What you are asked to do — For this task, every record below must be reproduced exactly.
· · ·
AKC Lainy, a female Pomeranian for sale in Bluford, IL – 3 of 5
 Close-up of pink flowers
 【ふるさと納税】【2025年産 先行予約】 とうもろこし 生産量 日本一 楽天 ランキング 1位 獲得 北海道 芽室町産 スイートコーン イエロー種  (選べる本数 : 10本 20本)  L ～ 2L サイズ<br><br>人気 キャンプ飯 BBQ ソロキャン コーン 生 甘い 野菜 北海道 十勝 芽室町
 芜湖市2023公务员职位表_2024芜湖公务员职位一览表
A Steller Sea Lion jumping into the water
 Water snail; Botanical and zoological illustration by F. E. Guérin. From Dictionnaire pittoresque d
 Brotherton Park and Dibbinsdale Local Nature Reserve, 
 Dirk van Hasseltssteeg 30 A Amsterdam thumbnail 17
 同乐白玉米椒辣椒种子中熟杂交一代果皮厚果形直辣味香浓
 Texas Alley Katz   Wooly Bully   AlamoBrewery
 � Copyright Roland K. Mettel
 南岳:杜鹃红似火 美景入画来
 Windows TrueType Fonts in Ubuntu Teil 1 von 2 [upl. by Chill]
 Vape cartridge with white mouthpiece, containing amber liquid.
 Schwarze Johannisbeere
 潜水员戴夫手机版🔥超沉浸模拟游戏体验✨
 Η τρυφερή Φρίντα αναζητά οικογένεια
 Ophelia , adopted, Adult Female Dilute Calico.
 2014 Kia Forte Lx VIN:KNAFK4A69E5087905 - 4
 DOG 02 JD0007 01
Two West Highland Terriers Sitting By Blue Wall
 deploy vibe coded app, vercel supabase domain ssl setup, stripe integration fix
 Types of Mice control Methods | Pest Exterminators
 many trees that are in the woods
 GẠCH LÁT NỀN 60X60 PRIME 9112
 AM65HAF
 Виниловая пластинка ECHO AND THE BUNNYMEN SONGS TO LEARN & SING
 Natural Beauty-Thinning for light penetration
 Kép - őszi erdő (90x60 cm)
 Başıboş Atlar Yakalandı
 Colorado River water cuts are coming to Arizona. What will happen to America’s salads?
· · ·
Finished task —
AKC Lainy, a female Pomeranian for sale in Bluford, IL – 3 of 5
 Close-up of pink flowers
 【ふるさと納税】【2025年産 先行予約】 とうもろこし 生産量 日本一 楽天 ランキング 1位 獲得 北海道 芽室町産 スイートコーン イエロー種  (選べる本数 : 10本 20本)  L ～ 2L サイズ<br><br>人気 キャンプ飯 BBQ ソロキャン コーン 生 甘い 野菜 北海道 十勝 芽室町
 芜湖市2023公务员职位表_2024芜湖公务员职位一览表
A Steller Sea Lion jumping into the water
 Water snail; Botanical and zoological illustration by F. E. Guérin. From Dictionnaire pittoresque d
 Brotherton Park and Dibbinsdale Local Nature Reserve, 
 Dirk van Hasseltssteeg 30 A Amsterdam thumbnail 17
 同乐白玉米椒辣椒种子中熟杂交一代果皮厚果形直辣味香浓
 Texas Alley Katz   Wooly Bully   AlamoBrewery
 � Copyright Roland K. Mettel
 南岳:杜鹃红似火 美景入画来
 Windows TrueType Fonts in Ubuntu Teil 1 von 2 [upl. by Chill]
 Vape cartridge with white mouthpiece, containing amber liquid.
 Schwarze Johannisbeere
 潜水员戴夫手机版🔥超沉浸模拟游戏体验✨
 Η τρυφερή Φρίντα αναζητά οικογένεια
 Ophelia , adopted, Adult Female Dilute Calico.
 2014 Kia Forte Lx VIN:KNAFK4A69E5087905 - 4
 DOG 02 JD0007 01
Two West Highland Terriers Sitting By Blue Wall
 deploy vibe coded app, vercel supabase domain ssl setup, stripe integration fix
 Types of Mice control Methods | Pest Exterminators
 many trees that are in the woods
 GẠCH LÁT NỀN 60X60 PRIME 9112
 AM65HAF
 Виниловая пластинка ECHO AND THE BUNNYMEN SONGS TO LEARN & SING
 Natural Beauty-Thinning for light penetration
 Kép - őszi erdő (90x60 cm)
 Başıboş Atlar Yakalandı
 Colorado River water cuts are coming to Arizona. What will happen to America’s salads?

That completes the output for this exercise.